• [What the task requires]: Look in the data below for the line that has "Produktbild für Heizkörperthermostat", then print exactly every line from there through the line that has "6 Baringa Road, Earlwood NSW 2206", leaving pictures out.

• [Material provided]:
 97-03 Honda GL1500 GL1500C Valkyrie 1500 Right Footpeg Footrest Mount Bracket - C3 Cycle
* * *
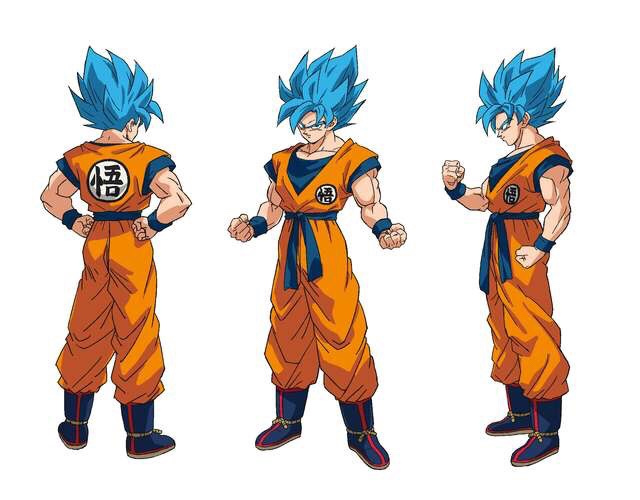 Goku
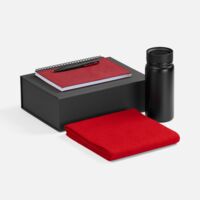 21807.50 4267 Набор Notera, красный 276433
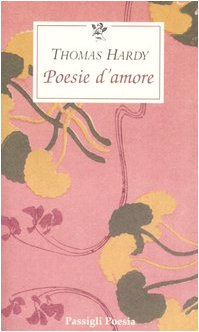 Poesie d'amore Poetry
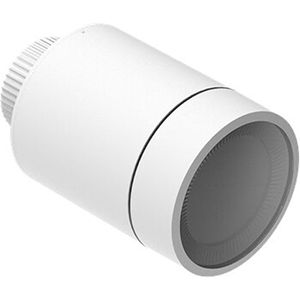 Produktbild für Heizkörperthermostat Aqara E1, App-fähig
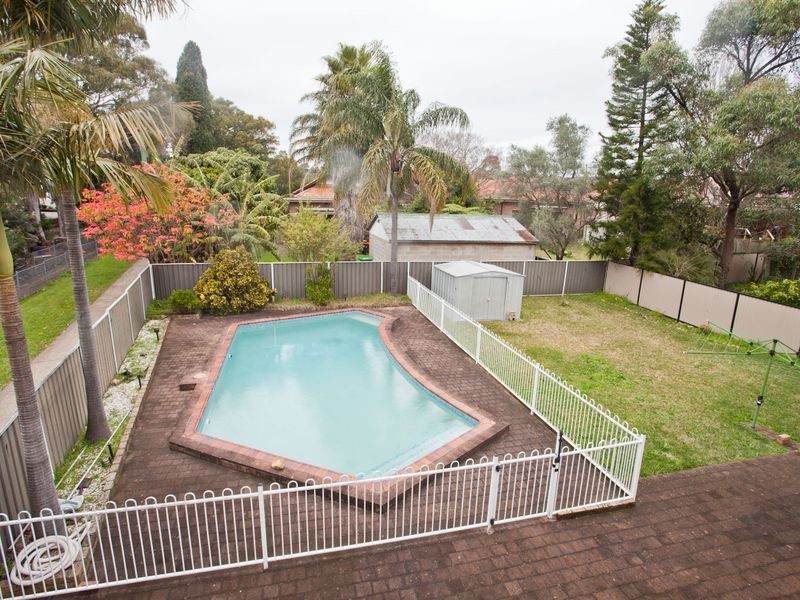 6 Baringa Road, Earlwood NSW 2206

• [Reply]:
 Produktbild für Heizkörperthermostat Aqara E1, App-fähig
 6 Baringa Road, Earlwood NSW 2206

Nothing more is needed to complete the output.